* RECORDED INFORMATION *
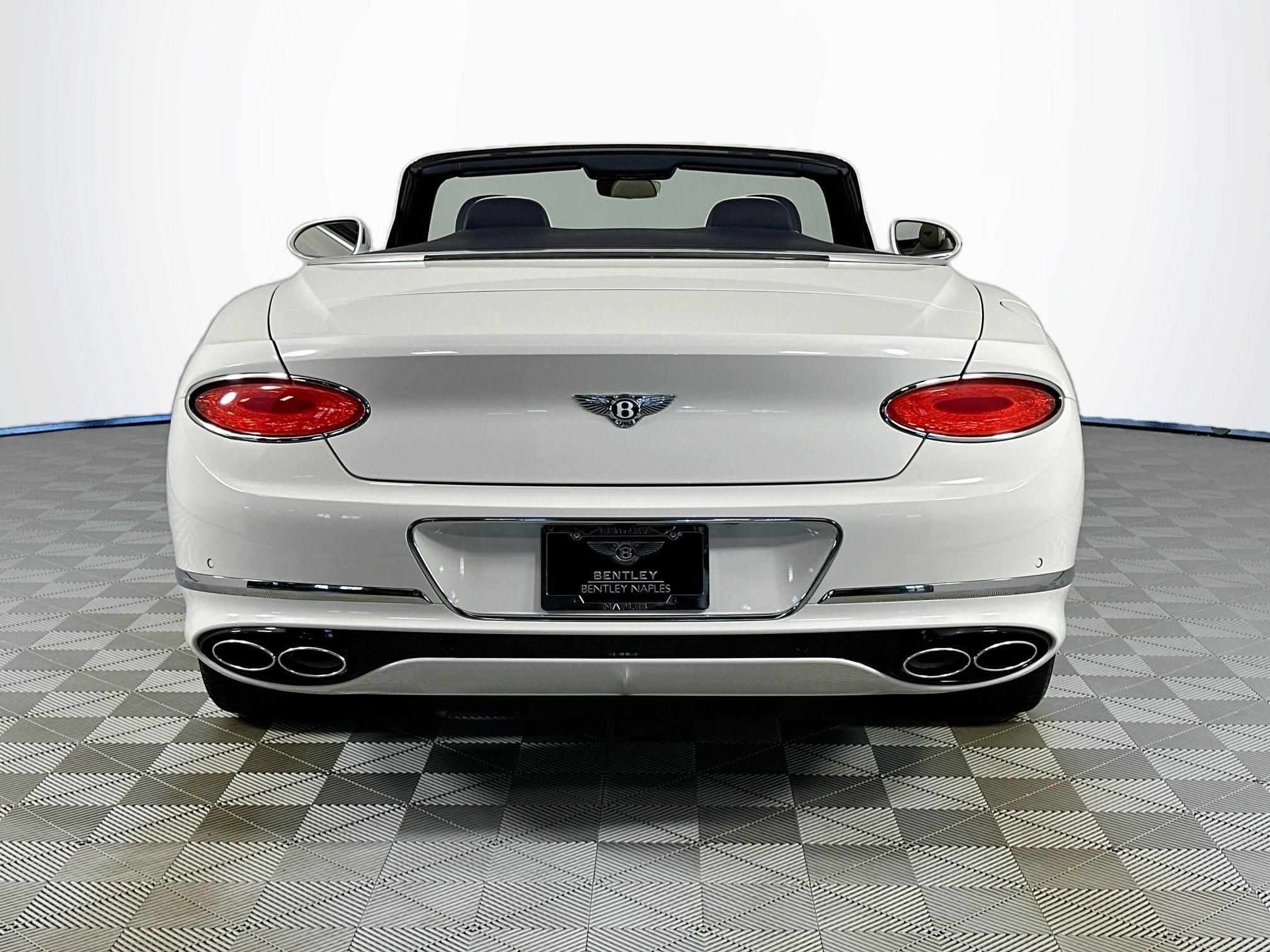 2023 Bentley Continental GTC V8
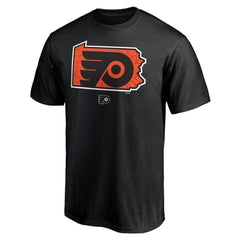 NHL Philadelphia Flyers Hometown Collection State T-Shirt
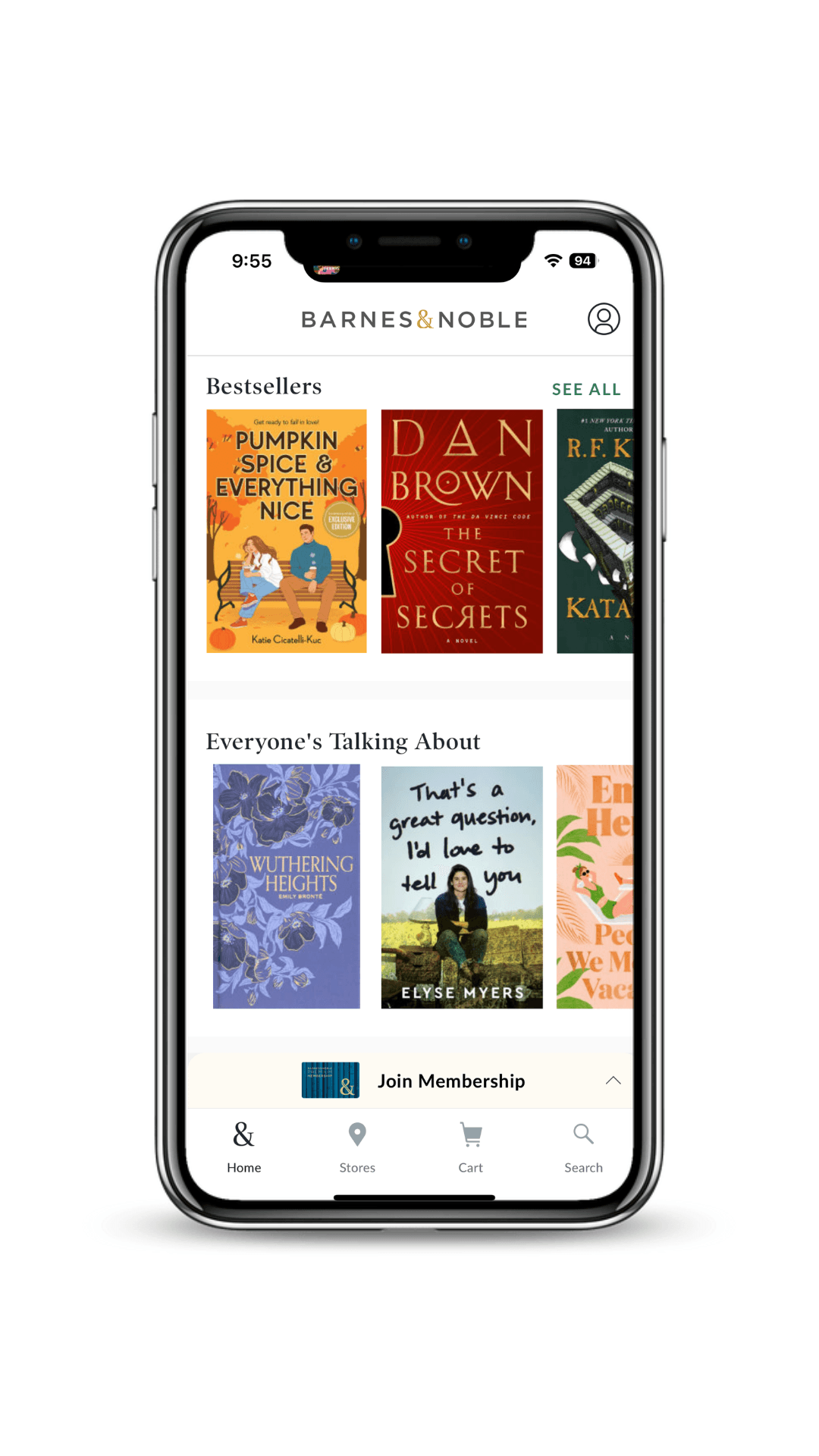 Barnes & Noble image 4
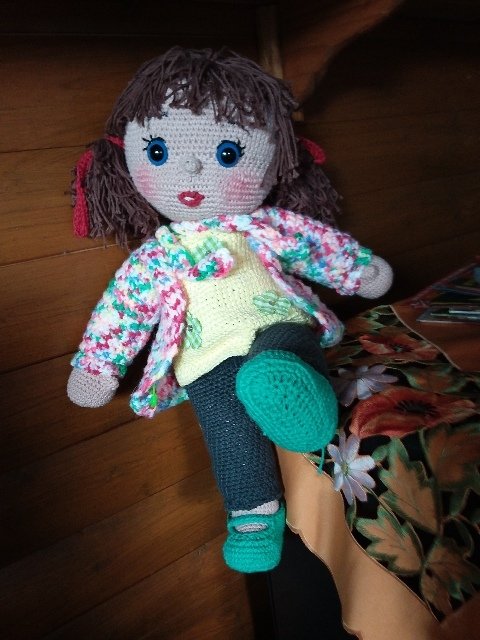 Handarbeiten Werke - Foto von astrid-hoch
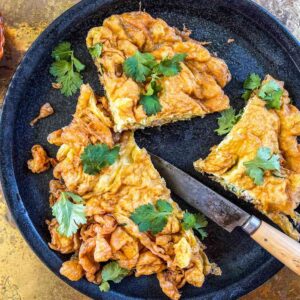 Kai Jeow (Thai Omelette)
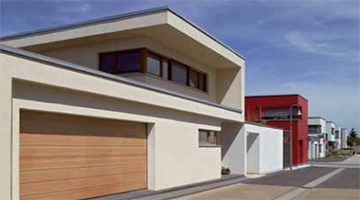 Usi de garaj sectionale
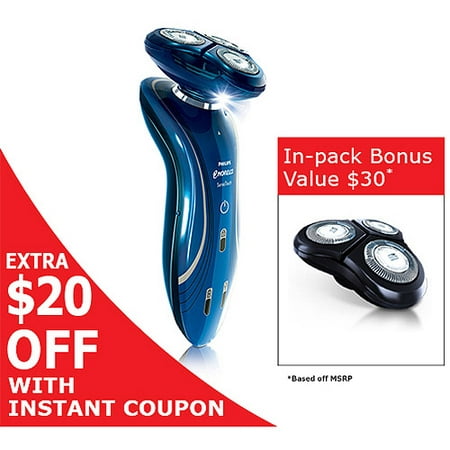 norelco electric shavers coupons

* TASK REQUIREMENTS *
The response must restate exactly the lines from the one containing "NHL Philadelphia Flyers" through the end of the records above and must leave out all pictures.

* RESPONSE TO THE TASK *
 NHL Philadelphia Flyers Hometown Collection State T-Shirt
 Barnes & Noble image 4
 Handarbeiten Werke - Foto von astrid-hoch
 Kai Jeow (Thai Omelette)
 Usi de garaj sectionale
 norelco electric shavers coupons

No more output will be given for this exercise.